Inhibition of calcium hydroxyapatite formation by polyamines

• Published in: Liver (Copenhagen) Vol. 13; no. 3; p. 141
• Main Authors: Crowther, R C, Pritchard, C M, Qiu, S M, Soloway, R D
• Format: Journal Article
• Language: English
• Published: Denmark 01.06.1993
• Subjects: Bile - chemistry; Biogenic Polyamines - pharmacology; Calcium Phosphates; Cholelithiasis - chemistry; Durapatite; Humans; Hydroxyapatites - antagonists & inhibitors; In Vitro Techniques; Spectrophotometry, Infrared; Time Factors
• ISSN: 0106-9543; 1600-0676
• DOI: 10.1111/j.1600-0676.1993.tb00621.x

The lithogenic potential of bile depends not only on supersaturation of solutes but also on the presence of pro- and anti-nucleating factors. For example, glycine-conjugated dihydroxy bile salt dimers are potent inhibitors of calcium hydroxyapatite precipitation that function by "poisoning" the nascent crystal. Although most inhibitors of apatite formation are anions, theoretically polycations should also be effective, and because significant concentrations of polyamines are present in bile, we have investigated the ability of these molecules to inhibit apatite formation. In vitro, each polyamine (2-10 mmol/l) was able to inhibit apatite formation, and the inhibiting power was correlated with ionic charge. Thus putrescine (2+) was the weakest inhibitor and spermine (4+) was the strongest. Mixtures of polyamines were less effective than were the individual polyamines, except at higher concentrations.
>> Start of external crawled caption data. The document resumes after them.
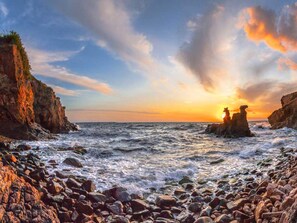 A rocky coastline with waves crashing against the shore and a sunset in the background. - 8 Person Holiday Home in Allinge (Allinge)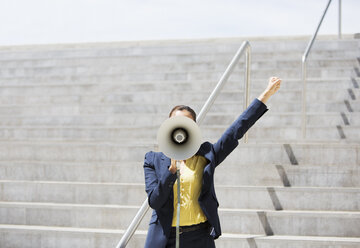 Businesswoman using megaphone on urban steps - CAIF00224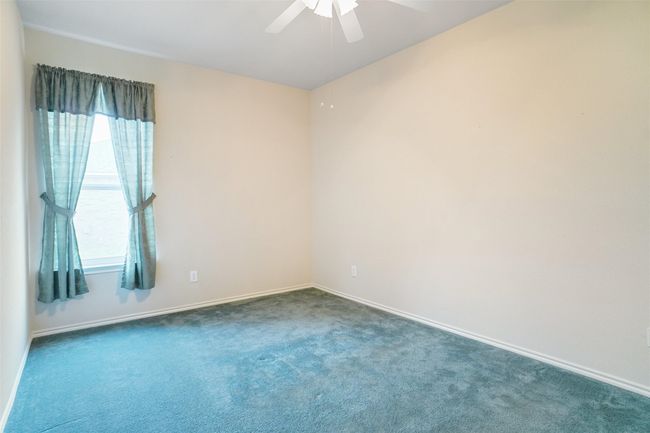 Carpeted Bedroom featuring ceiling fan | Image 22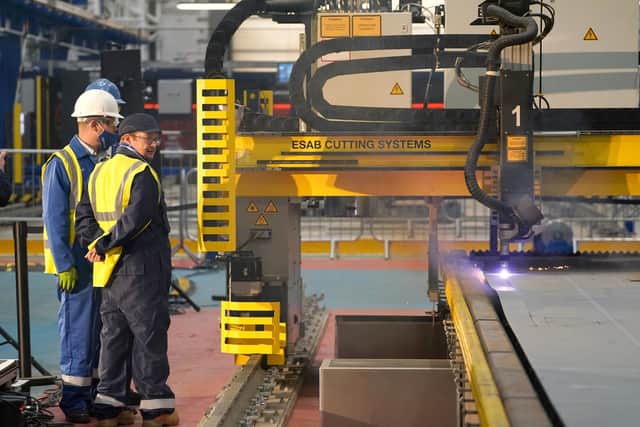 Workers watch a frigate steel cutting ceremony for the first of the class Type 31 frigate, at Babcock Rosyth, Fife. Picture: Andrew Milligan/PA Wire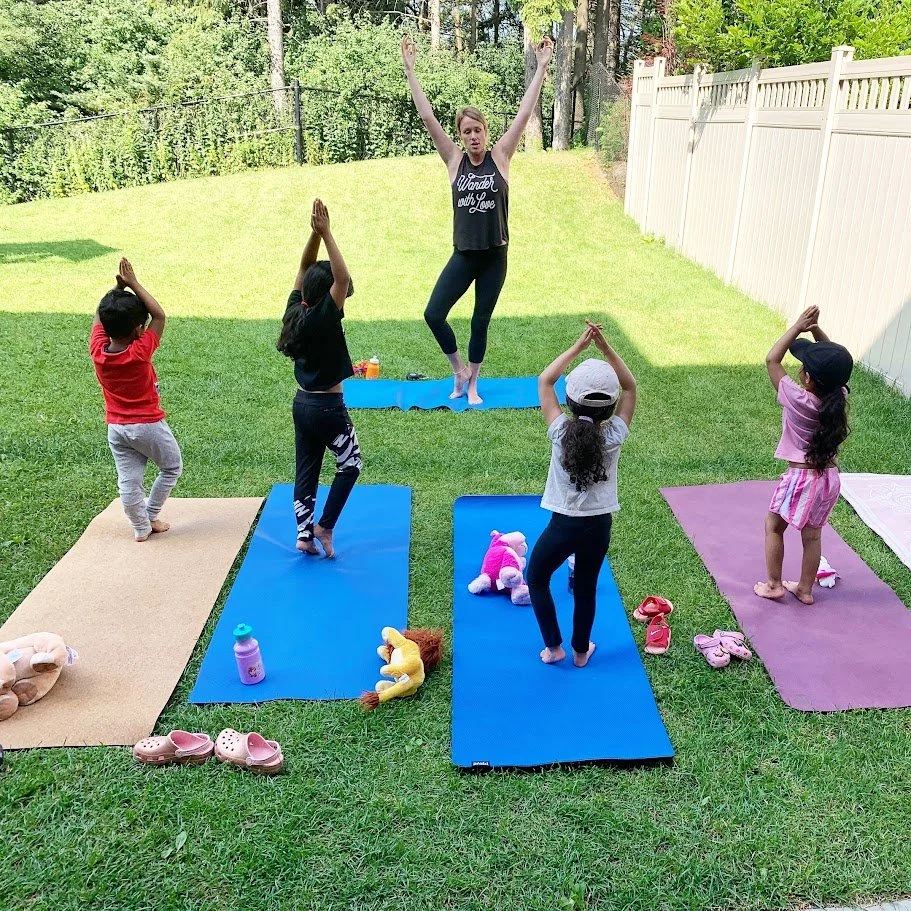 A group of children practicing yoga outdoors on colorful mats with an instructor standing on a yoga mat. The children and instructor are doing a pose with their hands raised above their heads, in a backyard surrounded by a white fence and green trees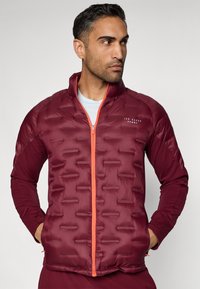 Hnedý vypchávaný kabát s textúrovaným povrchom, oranžovým zipsom a priliehavým dizajnom. Má stojací golier a logo na hrudi.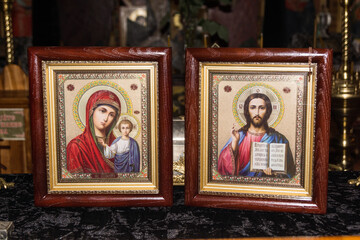 Obraz premium Religious icons of the Virgin Mary and Jesus displayed on an altar in a serene setting during evening light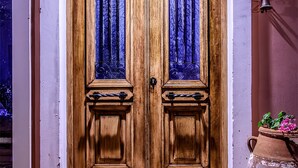 A wooden double door with decorative ironwork and glass panels, leading to a tiled entrance area. - Villa Elise, Beautiful house, A/C, Private Pool, Table Tennis . (Kokkini Hani, Heraklion, Crete)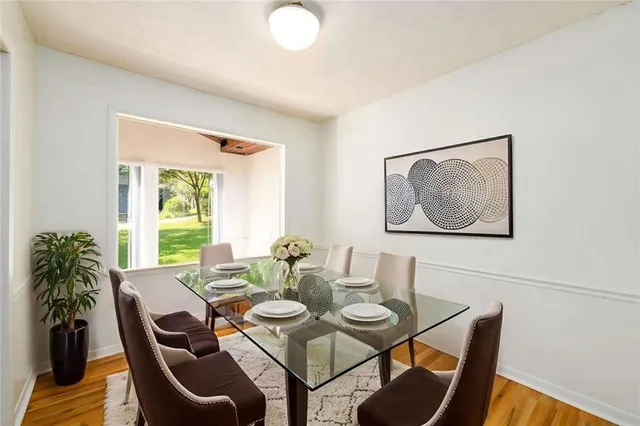 a view of a dining room with furniture and window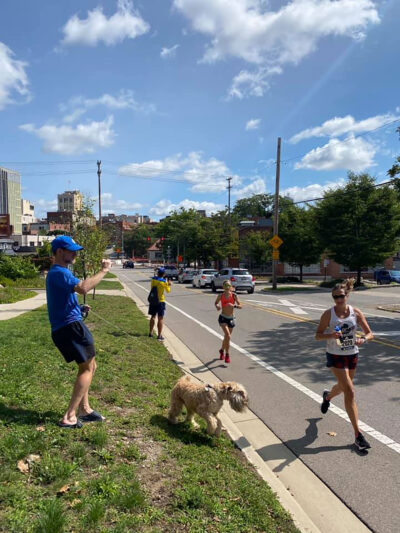 Colleen Stone approaches the finish line of the virtual Boston Marathon in Ann Arbor as her husband, Paul Livingstone, tries to capture a photo while also corralling their dog, Stevie.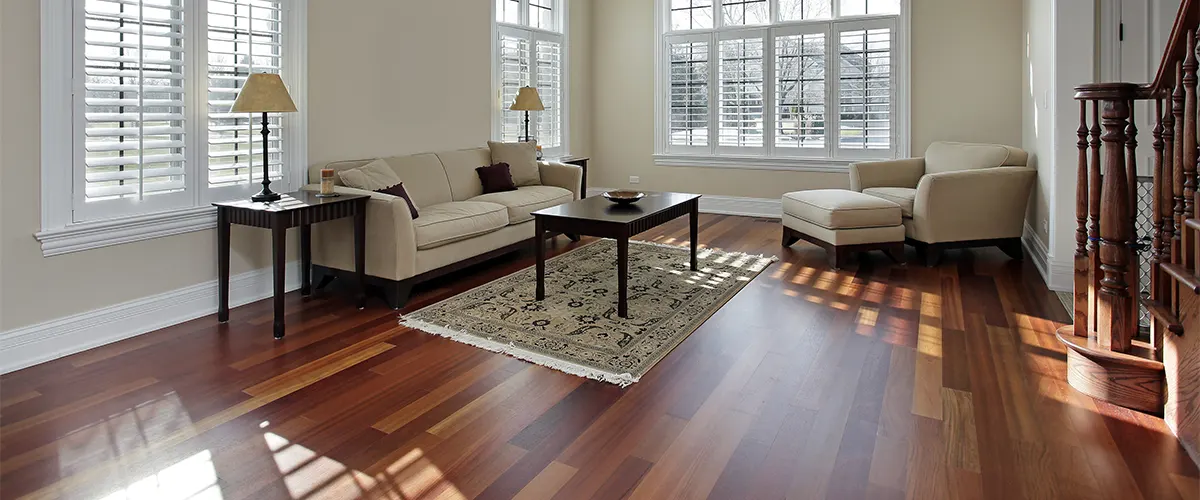 A hardwood floor in a living room with a beige chair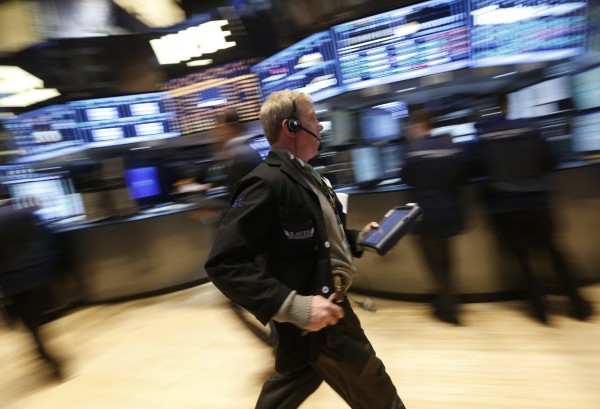 A trader rushes across the floor of the New York Stock Exchange on March 12, 2013. A trader rushes across the floor of the New York Stock Exchange on March 12, 2013.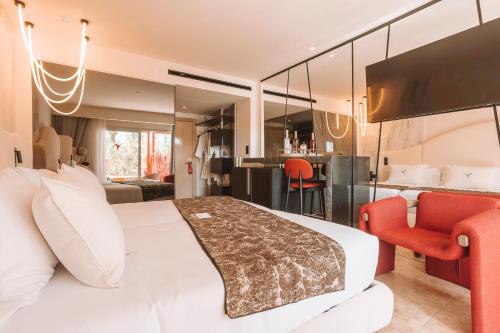 a bedroom with a white bed and a red chair at The Unexpected Ibiza Hotel - Ushuaïa Club entrance included in Playa d'en Bossa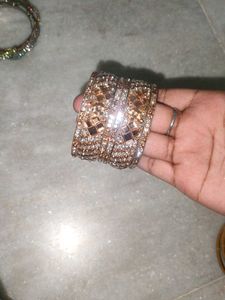 2 Sets Of Two Shiny Bangles
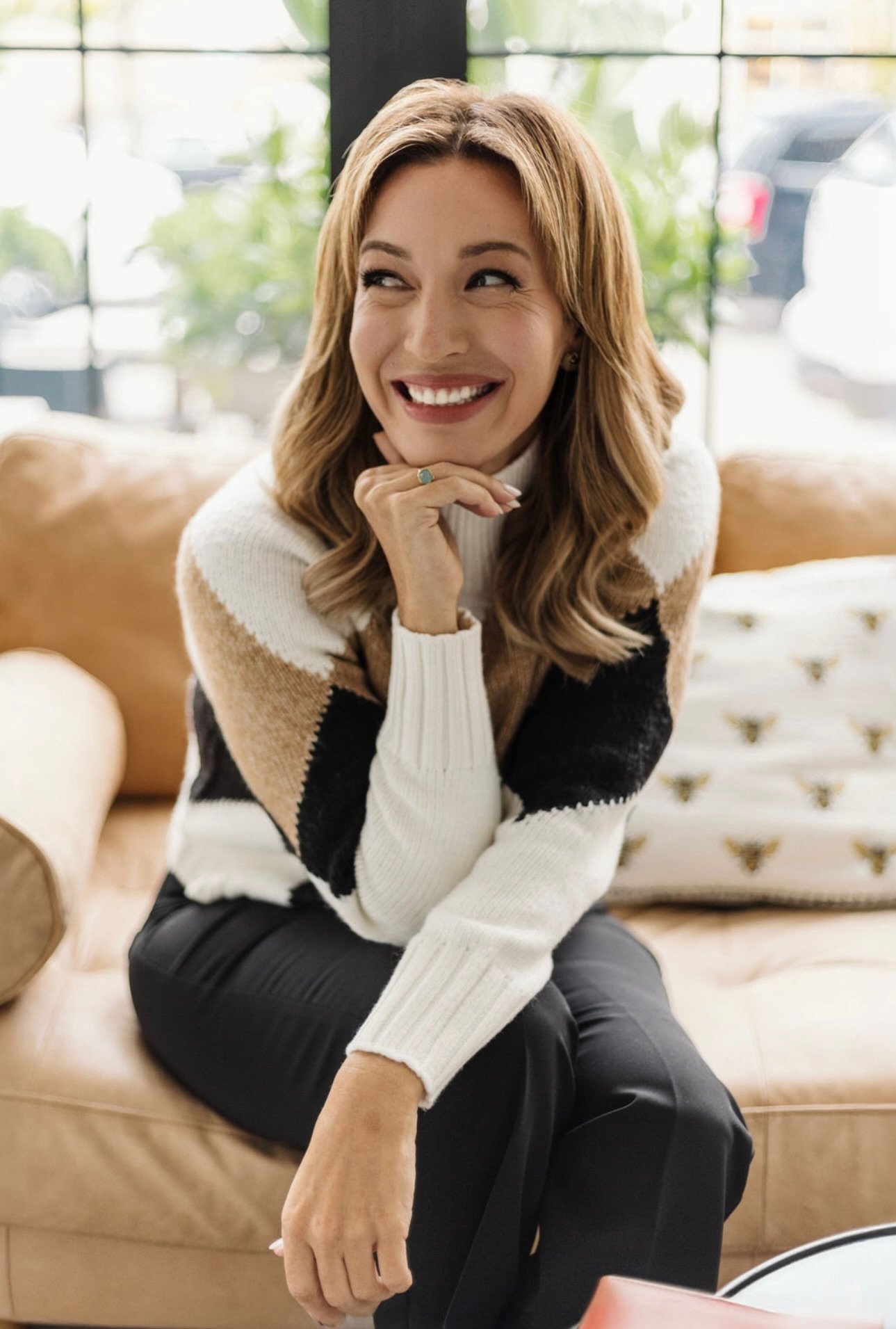 A woman with wavy, shoulder-length blonde hair smiling and looking to her left, sitting on a tan leather sofa in a well-lit room with large windows.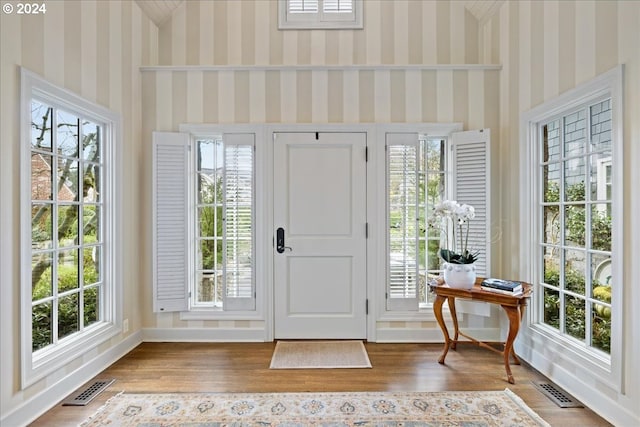 entryway featuring a towering ceiling and wood-type flooring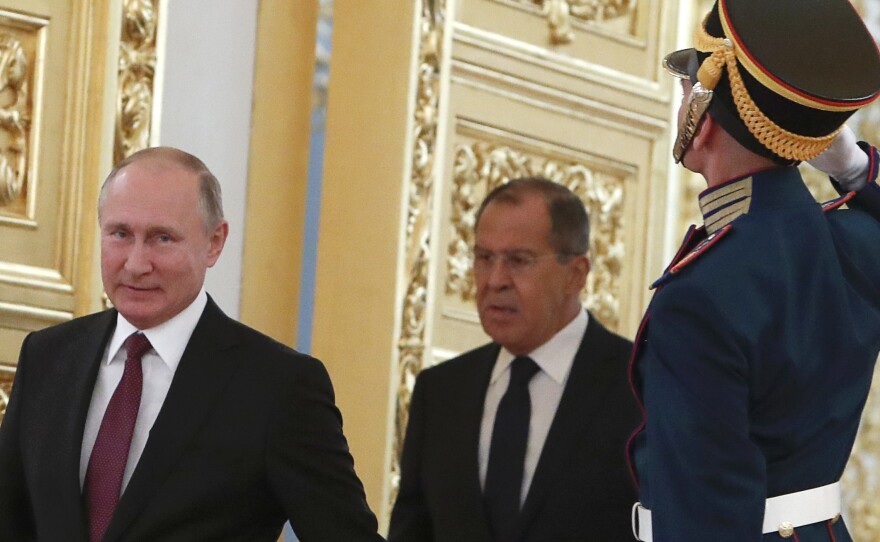 Russian President Vladimir Putin and Foreign Minister Sergei Lavrov walk past honour guards at the Kremlin in Moscow. U.S. sanctions are targeting Putin and a handful of individuals believed to be among his closest advisors.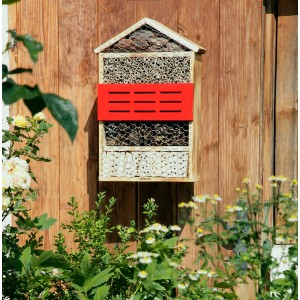 Holz Insektenhotel 5 Sterne mit roter Blende, gefüllt mit Naturmaterialien, an einer Holzwand.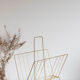 Vintage magazine holder in gold metal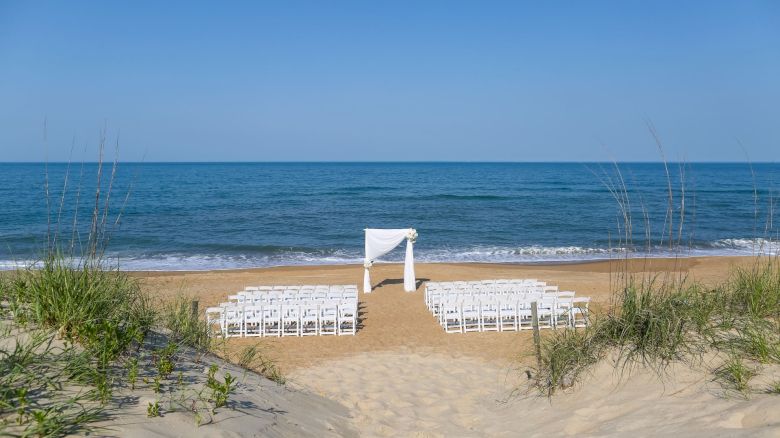 A beach wedding setup with rows of white chairs facing a decorated arch by the ocean shoreline, bordered by sand dunes and greenery.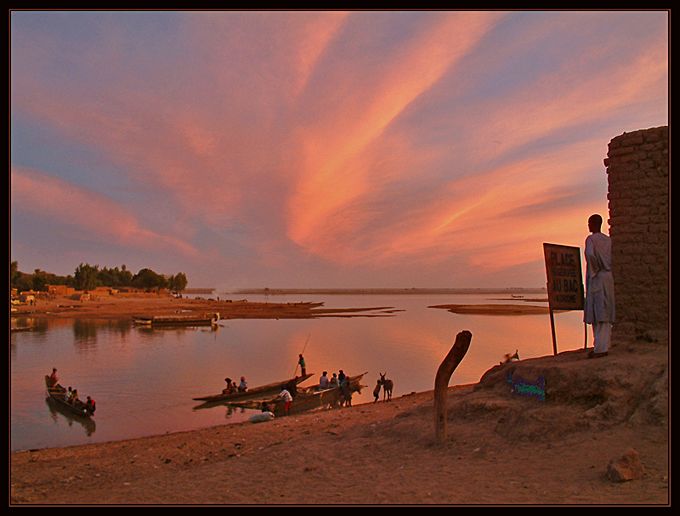 sunset over river niger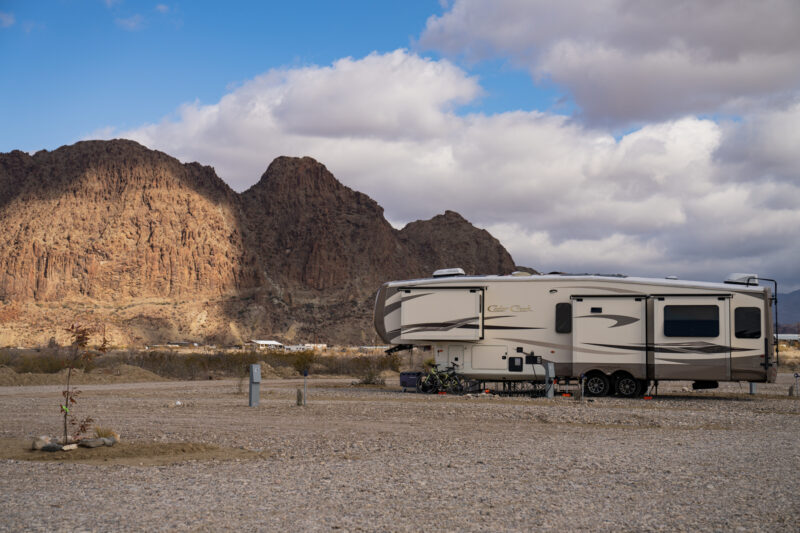 A large fifth wheel RV parked at a campground in Texas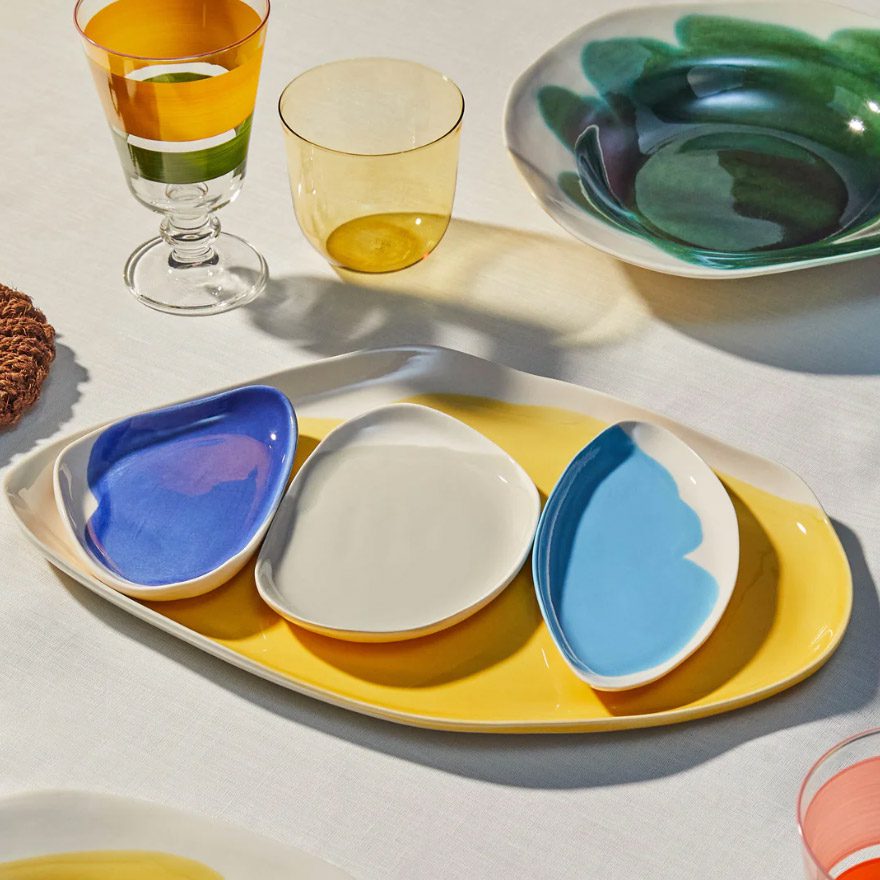 Colorful ceramic tray set with three small dishes in blue, white, and sky blue on a yellow base, styled on a dining table.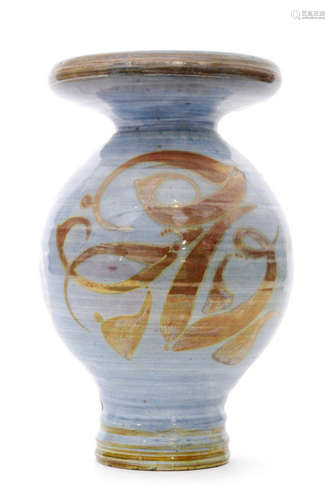 A post war studio pottery Aldermaston vase decorated by Oldrich Asenbryl with lustre painted brush strokes over the blue wash ground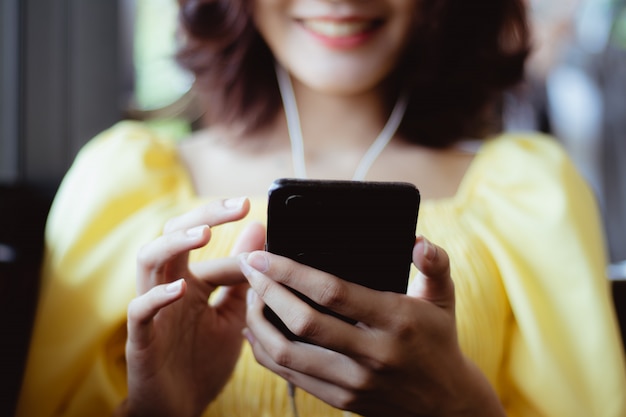 Foto mulher usando smartphone ouvindo música no tempo livre com feliz.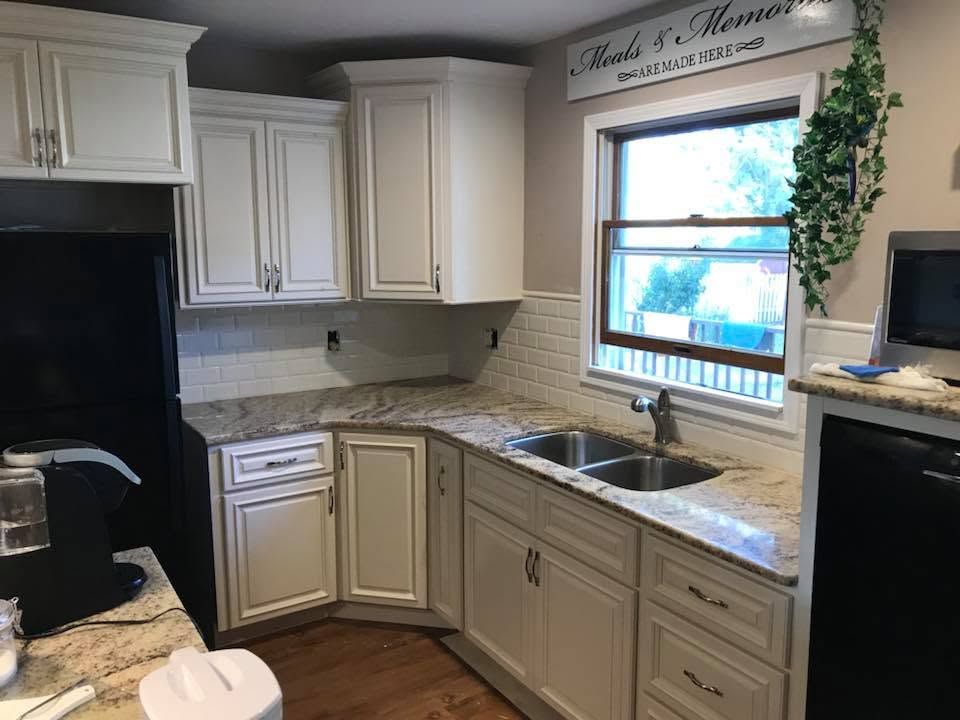Modern L-shaped kitchen with light wood cabinets, white countertops, sink, and built-in oven.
Although polyamines were effective over short periods of time (270 min), over longer times (3 days) spermine was unable to prevent apatite formation. Using infrared spectroscopy, we found no evidence for interaction between phosphate ions and spermine in solution. Taken together, these results suggest that polyamines are modest inhibitors of apatite formation that likely function by retarding the dissolution of the intermediate amorphous calcium phosphate phase.